Keywords: Tags  Severstal, pipe and tube, Columbus, Tom Marchak, Mark Pole, Thorsten Schier

NEW YORK — Severstal North America Inc. is looking to move up the value chain in the products it supplies from its Columbus, Miss., mill to pipe makers, particularly as end-users in oil and gas ratchet increase their requirements.

"We’ve run X65 ... and we’re trialing X70 as we speak," Tom Marchak, vice president of commercial for the Dearborn, Mich.-based steelmaker, told AMM.

The move by pipe makers toward higher-strength flat-rolled steel is expected to continue, with some already looking at X100-grade product.

"(Our customers) are buying equipment now to make that strength of pipe," said Mark Pole, Severstal Columbus’ ladle metallurgy furnace and caster manager, as pipe makers, particularly in the oil and gas space, raise their quality standards. "They’re pushing us because they’re being pushed by their customers," he said.
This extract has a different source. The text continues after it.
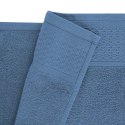 Ręcznik Solano 30x50 niebieski frotte 100% bawełna Darymex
In addition to higher-strength grades, Severstal Columbus can supply the wider coils required to make 24-inch line pipe, for which there is burgeoning demand. "We have two large customers ... in the Gulf Coast region that are both in line pipe, and 24-inch is a big product for them," Marchak said.

While pipe and tube has always been an important market for flat-rolled producers, growing demand due to the development of domestic shale plays has provided a further boost. "We knew it was a growing market, but I’d like to say that we were a little bit lucky," Marchak said.

About 52 percent of Severstal Columbus’ shipments for pipe and tube in 2012 were for the line pipe and oil country tubular goods sectors, according to Sabyasachi Bandyopadhyay, quality manager at the mill.

In addition to the oil and gas market, Severstal NA supplies most sectors of the pipe and tube industry, from structural and mechanical to irrigation pipe.

"When we first started, the philosophy was to diversify, so when you take a look, we’re probably doing business with somewhere between 15 or 16 different pipe and tube customers," Marchak said. "It’s nice—we’ll do anywhere between 2,000 and 3,000 tons with one customer, and some we do 15,000 to 20,000 tons per month."

In terms of market dynamics, Severstal NA, a subsidiary of Moscow-based OAO Severstal, has seen a marked divergence between volume and price this year.

"Volumes this year are not disappointing, and I’m not just talking about the energy business or pipe and tube," he said. On the pricing front, however, "we’re literally $80 or $100 (per ton) off last year’s numbers. It makes no sense."

Growing imports could be part of the reason for the crimped numbers. "The margins are so tight right now with the foreign pipe coming in," Pole said.